In a University press release, Dr. Maini explains her lab’s previous work and how it relates to this study, “Hepatitis B patients usually don’t have symptoms for decades, so can carry the virus unknowingly and can spread it through childbirth, sexual contact or contaminated needles. Our work has shown that during this ‘silent phase’ of infection, specialized suppressor cells switch off the immune response by cutting off its food supply. This is one of the many ways the liver protects itself from inflammation and immune damage but at the same time, prevents elimination of pathogens like hepatitis B. If we could boost the immune system and counteract the liver’s suppressive effect, then the infection could potentially be cleared after a large ‘burst’ of immune activity. This might cause short-term damage to the liver, but would prevent the long-term damage from scarring and liver cancers that we see in chronic patients.”
To understand why the immune system cannot control HBV infection once it becomes established in the liver, Dr. Maini and her colleagues compared blood samples from 138 chronic hepatitis B patients and 99 healthy controls; they also looked at liver tissue samples from 42 patients.

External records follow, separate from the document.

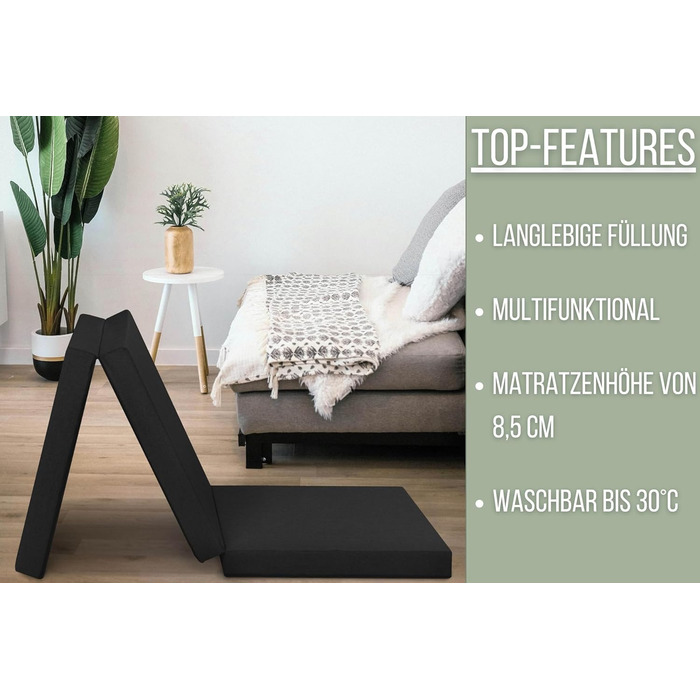 Складаний гостьовий матрац Badenia Trendline з міцним чохлом з мікрофібри, сертифікований Oeko-Tex, спальна поверхня 196 x 65 x 8,5 см, чорний, виготовлено за німецькими стандартами якості, чорний, висота 8,5 см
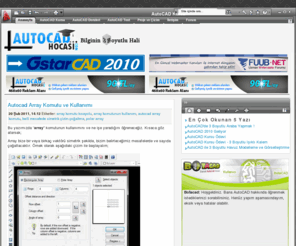 autocadhocasi.com: AutoCAD Hocası ile Güncel AutoCAD Dersleri
AutoCAD Komutları, çizim teknikleri ve kursu hakkında dersler içeren güncel bir AutoCAD sitesidir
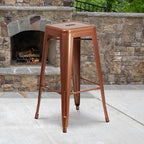 Flash Furniture Kai Commercial Grade 4 Pack 30" High Backless Copper - Image 2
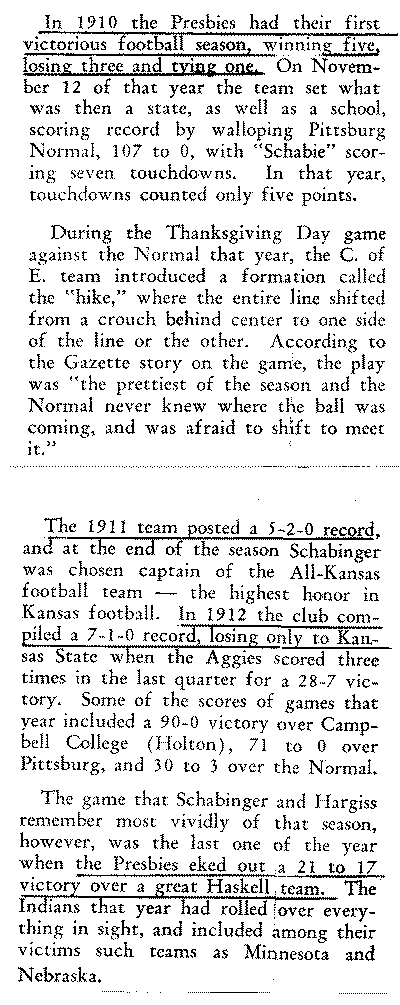 Article summarizing College of Emporia football 1910-1912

The findings showed that during the silent phase of infection patients had high levels of cells called granulocytic myeloid-derived suppressor cells (gMDSCs) that accumulated in the liver. The gMDSCs suppress T cells (immune cells) by cutting off their food supply.
In an explanation about the meaning of the findings, Dr. Laura Pallett, PhD, Professor Division of Infection & Immunity, UCL, and lead study author, stated, “The gMDSCs suppressed both the T cells that fight hepatitis B virus and those that cause inflammation in the liver. So patients with more gMDSC tended to have less liver damage but were unable to control hepatitis B virus. Women had higher levels of gMDSC than men, which fits with their threefold lower risk of developing liver inflammation from hepatitis B.”
Dr. Maini agreed with her colleague and added, “If these cells can prevent immune cells from damaging the liver in hepatitis B patients, perhaps they could help to prevent immune rejection of transplanted livers. Similarly, such suppressor cells could potentially be harnessed to protect specific organs from damage in patients with autoimmune diseases.”